OK Ken (as Mr Webb said), but I will have another go when the speaker cables have had more hours, because the bass performance was definitely still moving around.
Very interesting Kitch. I don't know anything about the Mapleshade cables so would be interested in a description. With the OTA the most significant "sound" improvement is with cymbals - no spit or smearing - every little detail seems so like the real thing it is amazing. My speaker cables to my woofers are percolating away on my older daughter's system - she gives them a decent work-out, but her room is sufficiently distant for me to be able to run a burn-in disc while she is at school, so I reckon they will be ready to re-audition soon. But in general I love the way the OTAs do not smear or emphasize anything and the music comes alive in a very natural way.
I largely agree with Dekay's findings, but came off using Coincident ICs and Wireworld Gold Eclipse speaker cables. I have other cables from Kimber, XLO, Siltech and Straightwire (probably some others lurking in the cupboard I have forgotten too). All of them sound as if they have additive distortions compared with the OTA. I endorse all of the positives Dekay has referred to, particularly how the soundstage floats free in the room, and the utterly natural treatment of percussion (nothing else come close). The negatives I note are a certain vagueness to images, that still comes and goes, and the burn-in being prolonged and odd-sounding with the speaker cables between my valve amps and the woofers on my Martin Logans. I have been burning in the woofer cables on my daughter's system and will re-insert them in mine this weekend. It will no doubt take up to a week for them to stabilise again, so will try to remain quiet till then (unlikely, I admit).
Try twisting them lightly Dekay. I find that untwisted, they sound a bit like the Magnan cables, albeit with much better PRAT than the Magnans. I think my cables are pretty much run in now, and I found that images were a bit "wafty" as a friend of mine puts it. Not quite "there". Till I tried a light twist, and images becaome more solid, giving me the same solidity as I get with my other cables, but with all the PRAT, clean transients, expanded soundstage and lack of grain still intact.
My OTA cables are now back on the woofers after burn-in, and settled down, and I take back any of my previous reservations. The sound is much better than garden hose on the woofers and OTA on the electrostatic. The garden hose sounds ponderous and noisy by comparison. Don't know why, but they took much longer to burn in than the others.
Dekay, to answer your previous question, my beach house is undergoing work at present and so the system is stored (too cold here right now to crave the beach anyway). Well-spotted, it would have been an ideal way to run in the OTA cable. When I set it up again it will probably soak up all the remainder of my OTA kit, so I am thinking about getting another one.
Hi Dekay

I have been playing with some Daruma Bearings recently and found that they did a wonderful job between CD player and the Neuance shelf (whereas no other hard device did previously, except perhaps the Super DH Cones). Using the Darumas the best sound occurred with the OTA untwisted.

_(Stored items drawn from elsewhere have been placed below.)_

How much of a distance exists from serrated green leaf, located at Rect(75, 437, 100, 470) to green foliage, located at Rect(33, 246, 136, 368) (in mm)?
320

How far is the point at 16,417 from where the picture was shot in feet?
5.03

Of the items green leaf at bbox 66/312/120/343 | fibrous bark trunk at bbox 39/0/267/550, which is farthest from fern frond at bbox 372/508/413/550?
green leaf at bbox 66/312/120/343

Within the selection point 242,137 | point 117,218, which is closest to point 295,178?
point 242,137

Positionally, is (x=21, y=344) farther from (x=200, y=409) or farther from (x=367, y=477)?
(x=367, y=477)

Ken once suggested to me that the vibration control needs of CD transports differ depending on the construction of the transport and that this varied from one to another.

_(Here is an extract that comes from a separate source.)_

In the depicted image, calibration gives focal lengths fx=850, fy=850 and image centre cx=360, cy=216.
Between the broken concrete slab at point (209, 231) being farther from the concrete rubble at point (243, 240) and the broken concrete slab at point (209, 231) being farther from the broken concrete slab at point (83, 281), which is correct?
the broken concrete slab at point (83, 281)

So I am now listening to what seems to me like the best of both worlds - the openness of the OTA untwisted, but improved solidity and clarity of images due to the Darumas (the waftiness has gone).

One of the imaging issues with the OTA cable is that the soundstage expands so much that some listeners may feel a need to sit further away from the speakers. With the OTA cables you are drawn far more into the soundstage itself, a bit more like listening to giant headphones. I happen to think it is just more natural that way. While images seem more precisely defined laterally with my other cables, it also seems like the images are flattened cardboard cut-outs compared with the presentation from the OTA cable.
Megasam, I tried the home-made variety (three different designs) and concluded that the bearings worked well under CDP but not my tube power amps. Then I got the Darumas and was blown away - different league from the home-made ones and so am happy to re-visit the tube amps. So now I am thinking of getting one set of Aurios for CDP and another set of Darumas - the two sets of Darumas either going under tube monoblocks or under speakers (either way the weight is not extreme). Any ideas?

Sorry for temporarily hi-jacking this thread.
Just to throw another spanner in the works!

I had more OTA than I needed so I built a set of cables using three lengths pos and three lengths neg on the bass, and two lengths pos and two lengths neg on the panels (of my Martin-Logans) to see what multiple lengths would sound like - and being very careful that all lengths were identical.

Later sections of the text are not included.